Ms B was clear and this was accepted by the father that [X] could not live with his father and spend time with his mother. He must remain living with his primary carer, his mother and to whom he has his closest emotional attachment. He would feel sad and responsible for his mother and this would be a significant negative for him.
Quite properly, [X] was loath to make a decision or share his views. Given his emotional age of about seven or eight, as opposed to his chronological age of 11, I would place little weight on his wishes or views. Ms B said his cognitive capacity is limited for his age and his decision making is vulnerable as children with ADHD are less well able to analyse potential future consequences and outcomes.
The mother was very critical about the father’s new relationship and believed this would diminish [X] in the father’s eyes as her view is her relationship with him diminished his relationship with [Y]. The mother said she became the focus of the father’s attention and he let [Y] fall into the wayside. I will not make any finding on that issue and this criticism of the father was unfair. [X] is very important to the father.
One matter that was ignored was that the mother has been desirous of moving to Newcastle since 2008, yet has not yet taken any action until now. I credit her for holding back as during this time she and the father have ensured [X]’s relationship, connection to, understanding of his dad and his time with his dad has been maximised, and that has been to [X]’s good.
It is now time for his mother and his father to live their separate lives and accommodate [X]’s needs rather than [X]’s needs overtaking their lives, as I see they have done in the past.
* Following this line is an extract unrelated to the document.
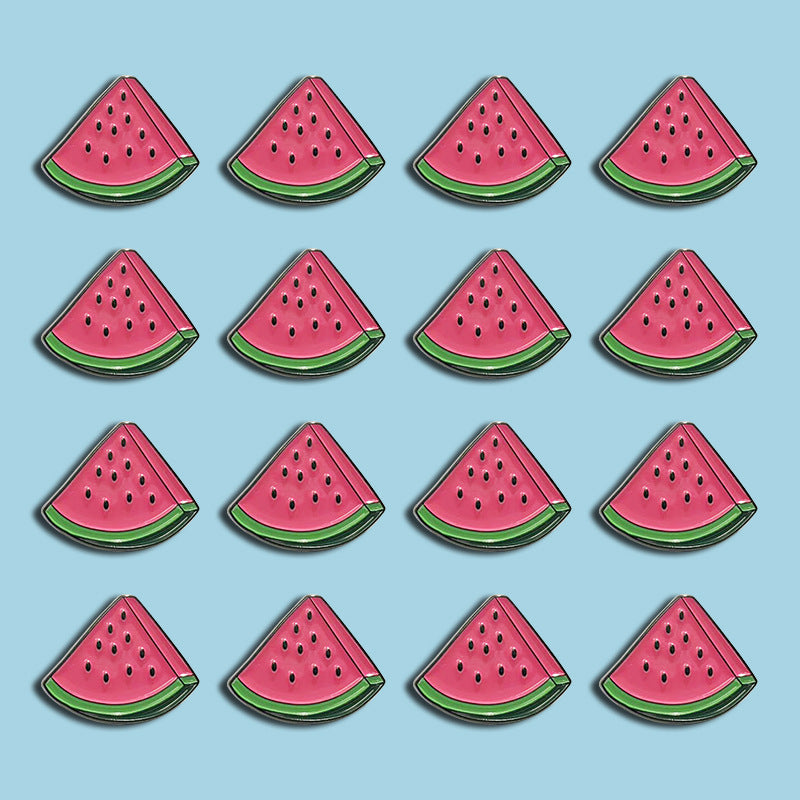 Cute Cartoon Watermelon Fruit Shaped Baked Finish Brooch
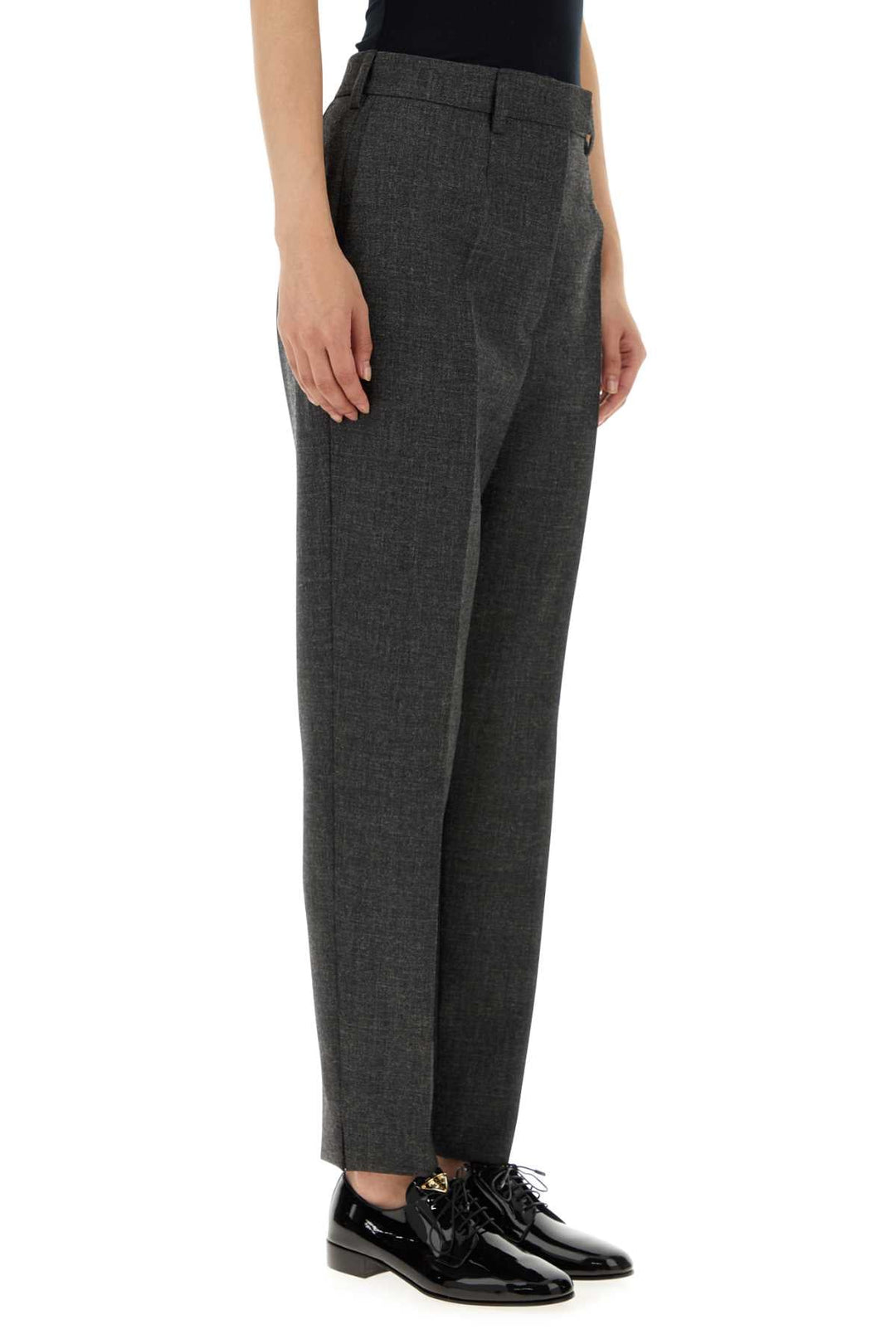 Prada Women Dark Grey Wool Pant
Ms B, in her oral evidence, confirmed that due to the father’s deep regret at having no relationship with his daughter, he was never going to let this happen with his son, and I accept that he will not. What is important for a parent-child relationship is that a parent maintains a consistent interest in their child by attending at parent teacher nights, involvement in schooling, extra curricular activities, health issues etc. At [X]’s age and with his father’s capacity all these matters can be maintained for [X] even if he and his dad live many hundreds of kilometres apart from Sydney to Newcastle.
Ms B said [X] could easily maintain a positive relationship with his father over a period of a fortnight but the preference is regular week contact. Maintaining his time with his father is very important to his self-esteem and will provide a break to the mother and to [X], and two weeks without his father is a long time for him. Things that happen to [X] on Wednesday one week might be forgotten the following week.
However, [X] is capable of ringing his dad and telling him something important. [X]’s parents can avail themselves of Skype to enable [X] to speak and see his dad daily if he wishes and talk about the things he has done. I do not need to make any order for this type of communication daily as his parents will ensure it occurs.
Ms B said [X] would be a challenge to each parent, he has tussles with his mother and teachers as they are the adults ensuring he does what he has to do. The father has not been involved in this aspect of [X]’s life.
Just changing [X]’s school will be a risk factor, Ms B said, let alone the untested move to Newcastle, and if the parents can minimise the breadth of the change, that is important. However, [X] is changing schools and will be changing his home no matter what order I make. I am satisfied his parents will manage that change for him as they have time to prepare him for these changes.
Ms B referred to research and a study by W. G. Austin in her report which reported a blanket poor outcome for children who relocated. I dismiss that report and its findings for the following. The report was not in evidence, is dated from the year 2000, is an American study and does not necessarily study parents of the capacity of [X]’s.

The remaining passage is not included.